Then-Representatives Lindsey Graham and James Rogan speak with the press during the impeachment trial of former President Bill Clinton.Reuters

Updated at 12:21 p.m. ET on December 4, 2019.

It’s an exclusive club that members of the House Judiciary Committee are joining today: The United States has undergone impeachment just three other times in its history, and only a handful of people each time have been charged with compiling a list of the president’s impeachable offenses.
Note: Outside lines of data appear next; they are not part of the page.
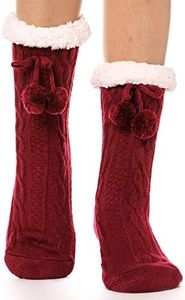 EBMORE Slipper Fuzzy Socks for Women Fluffy Cozy Cabin Winter Warm Soft Fleece Comfy Thick Christmas Stocking Stuffer with Grips(Red)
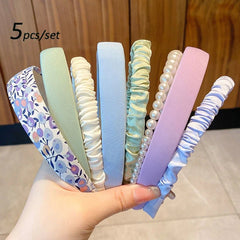 5pcs Set Fashion Women Cloth Hair Bands Headdress Headband Girls Hairband Hair Hoop Female Hair Accessories Headwear - Wear n Wander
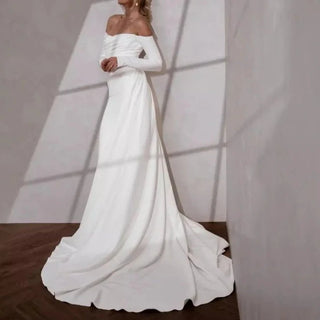 Elegant Crepe Mermaid Wedding Dress - Diva Melody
James Rogan knows what that’s like.

Rogan, now a superior-court judge in California, was a 41-year-old member of the Judiciary Committee during former President Bill Clinton’s impeachment. He was present for all the late nights and early mornings the committee spent reviewing Independent Counsel Kenneth Starr’s 453-page report in the fall of 1998 detailing the president’s affair with Monica Lewinsky. And he worked alongside other members of a dedicated team, which included now-Senator Lindsey Graham of South Carolina, to help narrow down Starr’s list of 11 possible impeachable offenses to just four. Later on, Rogan served as one of the 13 House managers during Clinton’s trial in the Senate—the representatives tasked with presenting the Republican majority’s case.

While Rogan was a leader on impeachment, he was also a casualty of the process. Democrats spent a record sum to unseat him in 2000, and he lost his reelection bid by nine points. The man who defeated him was none other than Adam Schiff, the current Democratic chair of the House Intelligence Committee, who has shepherded the impeachment inquiry into President Donald Trump.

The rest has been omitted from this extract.